You can plug into this lifecycle directly by calling the initialize_layerwise_reload, loading weights, then calling finalize_layerwise_processing:

from vllm import LLM
from vllm.model_executor.model_loader.reload import initialize_layerwise_reload, finalize_layerwise_processing

llm = LLM("Qwen/Qwen3-0.6B")

# this model path requires `VLLM_ENABLE_V1_MULTIPROCESSING=0` and is not stable
model = llm.llm_engine.engine_core.engine_core.model_executor.driver_worker.worker.get_model()

# layerwise reload
initialize_layerwise_reload(model)
model.load_weights(...)
finalize_layerwise_processing(model, llm.model_config)
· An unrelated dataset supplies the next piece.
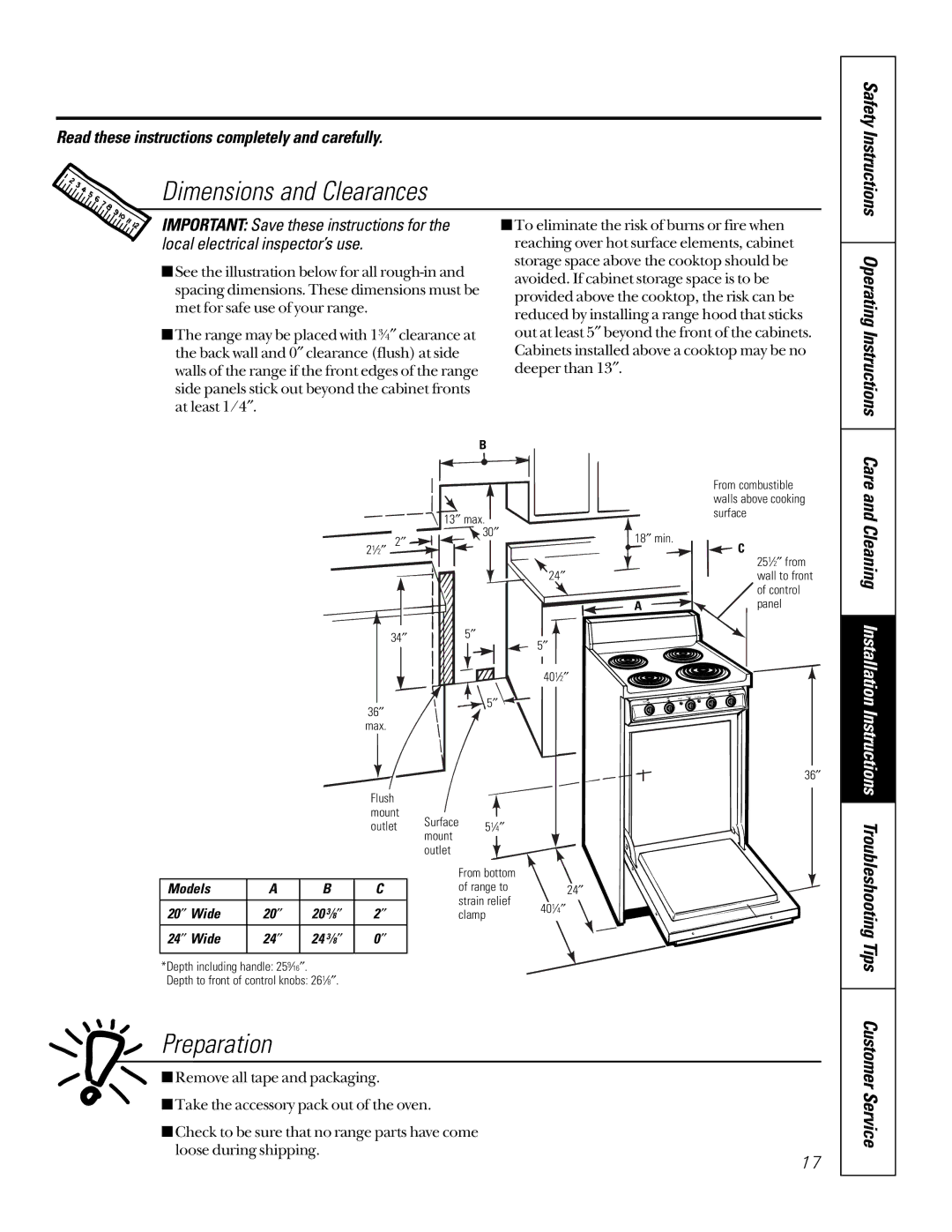 GE 164D3333P184, JAS02V owner manual Dimensions and Clearances, Preparation, Customer Service, Operating Instructions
Troubleshooting Excessive Memory Usage

Layerwise reloading allows users to incrementally load and process weights as they are loaded into the model. This system relies on buffering layer weights on device until all weights of a layer have been loaded. However, without offloading, this approach necessarily causes excessive buffering if weights are loaded out of order.

For this reason, users must take care as to the order of weights when they are reloading into the model. Weight should be loaded "in order", meaning that each layer's weights are fully loaded before beginning to load the next layer's weights. "Out of order" loading can cause layer weights to stay buffered while other layer weights are loading, leading to excessive memory usage. In the example below, q_proj, k_proj, v_proj, and up_proj are all buffered at the same time, using more memory than if up_proj was loaded after q_proj, k_proj and v_proj.

Correct Loading Incorrect Loading
Layerwise Layerwise

Users will see a warning like the one below if weights are loaded out-of-order.

WARNING [layerwise.py:198] Allocating 28.5 MB of device memory to buffers to load ["QKVParallelLinear", "MergedColumnParallelLinear"] layers. This extra memory usage can be avoided by ordering weights by their parent layer when reloading.